No one should try to pinpoint the bottom of the housing market and if the price is right, the timing is perfect, says BNZ chief economist Tony Alexander.

His call sits uncomfortably with talk of recession and the worsening international outlook, but it is based on sound judgment.

"As long as I figured on keeping my job I would be out there actively looking for a property at the moment," Mr Alexander said.

"I wouldn't be hanging off simply trying to pick the low point in the house-price cycle."

Economists had proved they could not pick the top of the cycle, so no one should expect them to pick the low point, he warned.

He believes real estate sales have probably almost reached their weakest level, and activity is likely to fluctuate and start moving up before the end of the year.

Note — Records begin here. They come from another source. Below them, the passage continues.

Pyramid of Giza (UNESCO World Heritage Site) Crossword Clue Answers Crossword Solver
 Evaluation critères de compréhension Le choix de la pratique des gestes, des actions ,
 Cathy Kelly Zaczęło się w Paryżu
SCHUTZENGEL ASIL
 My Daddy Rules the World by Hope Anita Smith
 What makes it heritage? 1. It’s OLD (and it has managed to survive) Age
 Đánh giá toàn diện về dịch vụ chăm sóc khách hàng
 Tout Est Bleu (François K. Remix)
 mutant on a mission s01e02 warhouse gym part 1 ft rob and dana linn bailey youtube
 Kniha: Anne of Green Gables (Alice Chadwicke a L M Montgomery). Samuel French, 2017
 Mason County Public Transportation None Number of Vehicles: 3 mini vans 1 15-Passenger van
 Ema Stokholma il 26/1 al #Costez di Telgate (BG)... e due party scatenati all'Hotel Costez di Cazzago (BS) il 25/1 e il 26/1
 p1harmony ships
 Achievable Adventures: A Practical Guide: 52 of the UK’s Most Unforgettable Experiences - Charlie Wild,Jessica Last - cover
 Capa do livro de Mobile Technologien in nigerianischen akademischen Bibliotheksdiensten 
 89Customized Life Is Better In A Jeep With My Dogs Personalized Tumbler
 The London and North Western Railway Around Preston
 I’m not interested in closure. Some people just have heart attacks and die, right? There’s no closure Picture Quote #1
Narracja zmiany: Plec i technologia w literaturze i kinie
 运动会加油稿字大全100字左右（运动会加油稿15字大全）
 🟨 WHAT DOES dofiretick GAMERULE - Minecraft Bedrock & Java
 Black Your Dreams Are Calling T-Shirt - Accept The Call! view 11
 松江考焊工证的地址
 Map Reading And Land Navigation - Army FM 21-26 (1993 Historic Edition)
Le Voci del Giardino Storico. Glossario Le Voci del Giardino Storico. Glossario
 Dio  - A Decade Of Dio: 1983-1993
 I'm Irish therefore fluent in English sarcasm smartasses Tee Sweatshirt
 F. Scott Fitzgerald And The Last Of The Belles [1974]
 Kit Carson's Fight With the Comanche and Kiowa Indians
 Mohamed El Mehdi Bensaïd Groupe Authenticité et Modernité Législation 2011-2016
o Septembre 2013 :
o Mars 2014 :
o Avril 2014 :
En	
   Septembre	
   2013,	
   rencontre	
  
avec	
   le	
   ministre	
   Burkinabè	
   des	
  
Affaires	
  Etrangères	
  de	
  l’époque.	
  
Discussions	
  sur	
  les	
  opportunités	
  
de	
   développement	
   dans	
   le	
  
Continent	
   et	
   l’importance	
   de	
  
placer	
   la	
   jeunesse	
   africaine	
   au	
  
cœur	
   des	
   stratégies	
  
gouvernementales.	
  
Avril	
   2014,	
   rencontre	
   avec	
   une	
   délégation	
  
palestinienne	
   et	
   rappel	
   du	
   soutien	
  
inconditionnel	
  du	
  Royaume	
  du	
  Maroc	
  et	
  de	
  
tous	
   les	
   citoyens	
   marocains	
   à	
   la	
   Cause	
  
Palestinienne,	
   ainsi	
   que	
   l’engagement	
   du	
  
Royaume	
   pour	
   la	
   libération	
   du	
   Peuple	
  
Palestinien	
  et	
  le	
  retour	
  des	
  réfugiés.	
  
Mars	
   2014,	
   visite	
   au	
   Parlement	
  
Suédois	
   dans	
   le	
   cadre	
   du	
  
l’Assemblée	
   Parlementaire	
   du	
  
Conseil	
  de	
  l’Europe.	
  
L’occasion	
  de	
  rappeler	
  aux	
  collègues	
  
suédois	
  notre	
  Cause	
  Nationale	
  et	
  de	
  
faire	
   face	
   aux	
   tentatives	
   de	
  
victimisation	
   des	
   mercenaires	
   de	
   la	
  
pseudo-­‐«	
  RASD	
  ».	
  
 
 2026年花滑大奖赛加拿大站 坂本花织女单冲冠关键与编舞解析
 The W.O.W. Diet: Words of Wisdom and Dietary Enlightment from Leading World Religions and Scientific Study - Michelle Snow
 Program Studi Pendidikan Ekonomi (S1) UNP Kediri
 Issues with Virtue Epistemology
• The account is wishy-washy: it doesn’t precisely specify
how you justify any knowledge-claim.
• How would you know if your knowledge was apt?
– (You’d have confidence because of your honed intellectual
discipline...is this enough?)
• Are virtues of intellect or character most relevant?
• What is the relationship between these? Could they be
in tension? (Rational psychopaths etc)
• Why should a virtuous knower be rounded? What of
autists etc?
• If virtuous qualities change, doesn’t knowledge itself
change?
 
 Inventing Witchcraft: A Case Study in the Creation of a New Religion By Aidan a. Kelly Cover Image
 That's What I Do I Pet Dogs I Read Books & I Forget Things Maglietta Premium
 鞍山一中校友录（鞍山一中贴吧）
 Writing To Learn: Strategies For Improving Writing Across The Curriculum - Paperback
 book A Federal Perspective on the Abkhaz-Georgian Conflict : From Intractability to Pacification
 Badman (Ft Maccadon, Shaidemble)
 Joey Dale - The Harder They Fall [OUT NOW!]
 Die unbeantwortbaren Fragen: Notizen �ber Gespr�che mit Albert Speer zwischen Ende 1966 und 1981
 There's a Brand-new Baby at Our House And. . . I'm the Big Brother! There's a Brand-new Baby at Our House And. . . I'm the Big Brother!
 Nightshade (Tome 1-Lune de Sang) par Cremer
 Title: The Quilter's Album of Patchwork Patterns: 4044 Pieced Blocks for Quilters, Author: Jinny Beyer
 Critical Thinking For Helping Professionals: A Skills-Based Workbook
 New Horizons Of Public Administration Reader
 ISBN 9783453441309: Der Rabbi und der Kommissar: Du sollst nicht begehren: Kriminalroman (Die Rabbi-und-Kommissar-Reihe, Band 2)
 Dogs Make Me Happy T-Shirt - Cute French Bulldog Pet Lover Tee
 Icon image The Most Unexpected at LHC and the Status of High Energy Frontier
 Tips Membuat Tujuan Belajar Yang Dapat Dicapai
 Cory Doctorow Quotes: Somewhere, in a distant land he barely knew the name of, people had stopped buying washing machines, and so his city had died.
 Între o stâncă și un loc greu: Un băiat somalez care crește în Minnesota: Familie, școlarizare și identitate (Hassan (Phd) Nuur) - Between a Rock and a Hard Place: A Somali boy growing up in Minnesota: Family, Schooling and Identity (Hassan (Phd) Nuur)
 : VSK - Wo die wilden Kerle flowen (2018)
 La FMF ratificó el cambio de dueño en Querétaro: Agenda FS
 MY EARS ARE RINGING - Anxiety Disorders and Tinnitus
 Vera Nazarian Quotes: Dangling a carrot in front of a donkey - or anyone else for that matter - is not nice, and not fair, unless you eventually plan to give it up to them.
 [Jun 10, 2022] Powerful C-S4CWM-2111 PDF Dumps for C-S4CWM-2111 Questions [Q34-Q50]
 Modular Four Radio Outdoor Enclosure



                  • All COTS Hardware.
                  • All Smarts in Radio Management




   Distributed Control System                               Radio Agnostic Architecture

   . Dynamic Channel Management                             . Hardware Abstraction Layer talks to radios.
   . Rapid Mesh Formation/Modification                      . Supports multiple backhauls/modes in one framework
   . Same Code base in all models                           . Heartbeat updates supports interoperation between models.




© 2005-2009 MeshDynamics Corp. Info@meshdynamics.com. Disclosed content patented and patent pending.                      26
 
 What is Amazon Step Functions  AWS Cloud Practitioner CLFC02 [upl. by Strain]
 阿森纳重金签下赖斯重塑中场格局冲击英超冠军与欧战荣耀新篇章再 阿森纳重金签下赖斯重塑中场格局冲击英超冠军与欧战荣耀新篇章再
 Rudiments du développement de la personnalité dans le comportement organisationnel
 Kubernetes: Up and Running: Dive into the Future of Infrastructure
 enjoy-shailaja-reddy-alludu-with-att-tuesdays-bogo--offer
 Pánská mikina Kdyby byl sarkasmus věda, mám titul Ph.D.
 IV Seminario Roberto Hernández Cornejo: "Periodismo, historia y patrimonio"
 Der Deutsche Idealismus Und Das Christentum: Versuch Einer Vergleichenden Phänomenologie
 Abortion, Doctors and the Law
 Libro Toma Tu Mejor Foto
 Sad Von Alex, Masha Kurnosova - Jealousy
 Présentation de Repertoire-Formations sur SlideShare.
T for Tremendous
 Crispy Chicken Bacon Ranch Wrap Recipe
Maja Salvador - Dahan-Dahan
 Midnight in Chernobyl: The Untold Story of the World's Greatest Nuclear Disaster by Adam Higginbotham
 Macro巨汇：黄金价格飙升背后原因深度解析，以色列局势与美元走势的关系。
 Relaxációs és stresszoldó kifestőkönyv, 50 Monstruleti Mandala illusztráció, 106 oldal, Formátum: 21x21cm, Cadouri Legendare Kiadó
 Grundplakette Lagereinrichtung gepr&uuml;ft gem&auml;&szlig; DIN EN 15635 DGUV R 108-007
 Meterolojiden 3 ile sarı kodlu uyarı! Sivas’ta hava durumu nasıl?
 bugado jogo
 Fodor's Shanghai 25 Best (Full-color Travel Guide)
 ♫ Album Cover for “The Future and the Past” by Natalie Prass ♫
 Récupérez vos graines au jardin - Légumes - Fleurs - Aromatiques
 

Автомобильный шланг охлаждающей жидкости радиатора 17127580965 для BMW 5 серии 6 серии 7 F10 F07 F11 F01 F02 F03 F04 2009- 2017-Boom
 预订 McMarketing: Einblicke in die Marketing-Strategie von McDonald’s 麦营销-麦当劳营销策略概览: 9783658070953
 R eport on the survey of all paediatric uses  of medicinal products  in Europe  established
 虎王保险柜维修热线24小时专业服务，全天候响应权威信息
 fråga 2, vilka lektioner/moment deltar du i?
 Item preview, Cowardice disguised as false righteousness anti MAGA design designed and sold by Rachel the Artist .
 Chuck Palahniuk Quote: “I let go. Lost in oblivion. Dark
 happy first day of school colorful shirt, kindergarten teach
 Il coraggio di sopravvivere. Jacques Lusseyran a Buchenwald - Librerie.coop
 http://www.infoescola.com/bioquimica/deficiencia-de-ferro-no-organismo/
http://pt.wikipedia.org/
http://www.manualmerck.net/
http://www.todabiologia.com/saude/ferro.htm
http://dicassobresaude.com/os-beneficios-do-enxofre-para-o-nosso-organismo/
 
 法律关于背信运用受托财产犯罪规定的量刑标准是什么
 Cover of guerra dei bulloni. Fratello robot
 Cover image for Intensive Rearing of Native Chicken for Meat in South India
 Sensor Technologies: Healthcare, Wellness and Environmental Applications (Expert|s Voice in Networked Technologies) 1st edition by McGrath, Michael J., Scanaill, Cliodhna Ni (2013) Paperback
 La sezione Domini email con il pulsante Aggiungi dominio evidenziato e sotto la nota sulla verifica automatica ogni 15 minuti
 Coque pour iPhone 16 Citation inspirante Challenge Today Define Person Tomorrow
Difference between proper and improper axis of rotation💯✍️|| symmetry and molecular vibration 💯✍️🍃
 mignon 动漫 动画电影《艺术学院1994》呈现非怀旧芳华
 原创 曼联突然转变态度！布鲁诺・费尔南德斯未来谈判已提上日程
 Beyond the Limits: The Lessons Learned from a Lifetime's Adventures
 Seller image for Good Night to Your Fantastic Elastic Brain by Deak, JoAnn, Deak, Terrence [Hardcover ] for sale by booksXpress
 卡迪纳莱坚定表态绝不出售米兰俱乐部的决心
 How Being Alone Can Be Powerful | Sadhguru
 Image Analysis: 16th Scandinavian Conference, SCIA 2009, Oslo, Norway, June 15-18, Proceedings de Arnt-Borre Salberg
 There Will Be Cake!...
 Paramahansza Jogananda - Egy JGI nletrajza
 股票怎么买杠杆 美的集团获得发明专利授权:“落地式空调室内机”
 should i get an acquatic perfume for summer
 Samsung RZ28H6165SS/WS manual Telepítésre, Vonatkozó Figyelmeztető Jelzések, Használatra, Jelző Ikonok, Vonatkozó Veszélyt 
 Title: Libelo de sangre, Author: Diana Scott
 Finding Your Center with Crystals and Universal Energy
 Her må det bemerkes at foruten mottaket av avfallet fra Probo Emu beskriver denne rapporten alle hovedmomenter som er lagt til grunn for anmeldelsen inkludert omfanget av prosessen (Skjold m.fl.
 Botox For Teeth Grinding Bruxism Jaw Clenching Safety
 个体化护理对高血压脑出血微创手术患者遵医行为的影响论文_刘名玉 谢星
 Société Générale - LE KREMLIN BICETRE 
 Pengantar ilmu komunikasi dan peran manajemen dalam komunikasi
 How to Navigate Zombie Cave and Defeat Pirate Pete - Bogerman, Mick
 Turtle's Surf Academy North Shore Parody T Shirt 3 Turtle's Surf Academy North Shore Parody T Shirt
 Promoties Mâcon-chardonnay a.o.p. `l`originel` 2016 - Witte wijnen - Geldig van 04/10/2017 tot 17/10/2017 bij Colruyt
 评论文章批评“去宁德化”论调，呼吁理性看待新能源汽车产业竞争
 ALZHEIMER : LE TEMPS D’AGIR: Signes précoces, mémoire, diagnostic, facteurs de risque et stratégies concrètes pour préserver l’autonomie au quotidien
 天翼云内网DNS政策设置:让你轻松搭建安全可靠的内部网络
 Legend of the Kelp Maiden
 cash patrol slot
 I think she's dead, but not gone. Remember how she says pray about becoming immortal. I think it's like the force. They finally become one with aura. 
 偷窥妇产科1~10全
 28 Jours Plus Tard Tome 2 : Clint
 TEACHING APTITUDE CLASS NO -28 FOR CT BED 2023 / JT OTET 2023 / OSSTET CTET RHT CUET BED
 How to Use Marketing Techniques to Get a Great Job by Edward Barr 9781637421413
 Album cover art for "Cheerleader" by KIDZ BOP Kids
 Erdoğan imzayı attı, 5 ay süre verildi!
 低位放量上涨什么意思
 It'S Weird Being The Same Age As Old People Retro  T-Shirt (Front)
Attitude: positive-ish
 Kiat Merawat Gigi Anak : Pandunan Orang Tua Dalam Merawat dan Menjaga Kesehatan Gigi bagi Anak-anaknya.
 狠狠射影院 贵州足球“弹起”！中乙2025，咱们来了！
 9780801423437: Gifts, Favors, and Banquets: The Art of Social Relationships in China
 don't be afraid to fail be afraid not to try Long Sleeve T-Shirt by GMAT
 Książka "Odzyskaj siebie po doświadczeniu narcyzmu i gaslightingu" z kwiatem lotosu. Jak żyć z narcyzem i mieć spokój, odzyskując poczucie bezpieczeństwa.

House prices will possibly fall another 5 per cent, but will stabilise by the end of the year, then rise slightly next year, he says.

Buyers should be seeking a mortgage interest rate of 5.5 per cent fixed for five years.

"But as I wait for this rate, I'll become increasingly prepared to accept something just below 6 per cent just in case the world suddenly looks like a brighter place," he said.

Mr Alexander is not alone in his views.

Property author and advocate Kieran Trass is running a seminar in Remuera on March 7 on taking advantage of the crash.

He says Auckland flats are the first category of property this decade to emerge as cashflow-positive - "paying you to own them" - because of interest rates and property prices.

BIS Shrapnel's managing director, Robert Mellor, said this week the Auckland house market would reach its lowest level by May and called for banks to loosen up on lending.

Strategic Risk Analysis economist Rodney Dickens, of Whangarei, said the market was eroding the benefits of renting a house, and it now made more sense to buy.

"Only six months ago the economics were hugely in favour of renting, but with house prices having had more than half of the fall we expect and five-year fixed mortgage interest rates having fallen from 9.1 per cent to 6.5 per cent, it would be understandable if quite a few people were tempted to buy rather than rent and to lock in longer-term mortgages to give them certainty about interest costs," Mr Dickens said.